# Correlation coefficient in polynomial regression

I’ve figured out how to do multiple linear regression, i.e. regression to find the best the best fit polynomial (of a certain degree). For example, you can run quadratic regression and cubic regression.

For linear regression, there’s a pretty straightforward way of finding the correlation coefficient. How does it work with polynomial regression? Sinusoidal regression? Logistic regression?

Unless you’re talking about something unusual when you say “correlation coefficient”, it’s exactly the same for any pair of variables.

I’m guessing he’s wondering how you handle it when you’ve got a regression with multiple regressors. As best as I understand coefficients of correlation, however, by definition they only measure correlation between exactly two variables.
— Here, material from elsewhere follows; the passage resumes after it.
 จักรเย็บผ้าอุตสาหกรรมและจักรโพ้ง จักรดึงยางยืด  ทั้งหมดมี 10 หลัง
I think there were other tests that can be used, for example, to test if all of the coefficients on your regressors are jointly insignificant, but it’s been little while since I’ve taken any statistics courses.

However, with a multiple regression, I’m pretty sure you would have to calculate r for each regressor against the regressand. That’s my poor memory of it, anyway. I guess it will have to suffice (with a massive grain of salt) until someone with a little fresher knowledge of statistics happens by.

Oh yeah, it would not, however, change anything if you did a logarithmic transformation or anything like that. r for X and log(Y) is still r, but of course is different from the coefficient of correlation between X and Y. Just imagine that all you did was swap out “Y” for “Q” except Q happens to be log(Y).

Ah, so the OP is looking to test the hypothesis that [symbol]b[/symbol][sub]i[/sub] = 0 for each i. There is a test for that, but it’s been a while since I did much of this, so I’m not sure I can find it.

Here’s my question, stated a little more clearly:

When you do linear regression, you find a “least-squares function” that is the “best fit” line. There’s a formula that tells you how well this “best fit line” correlates to the actual data (“R”).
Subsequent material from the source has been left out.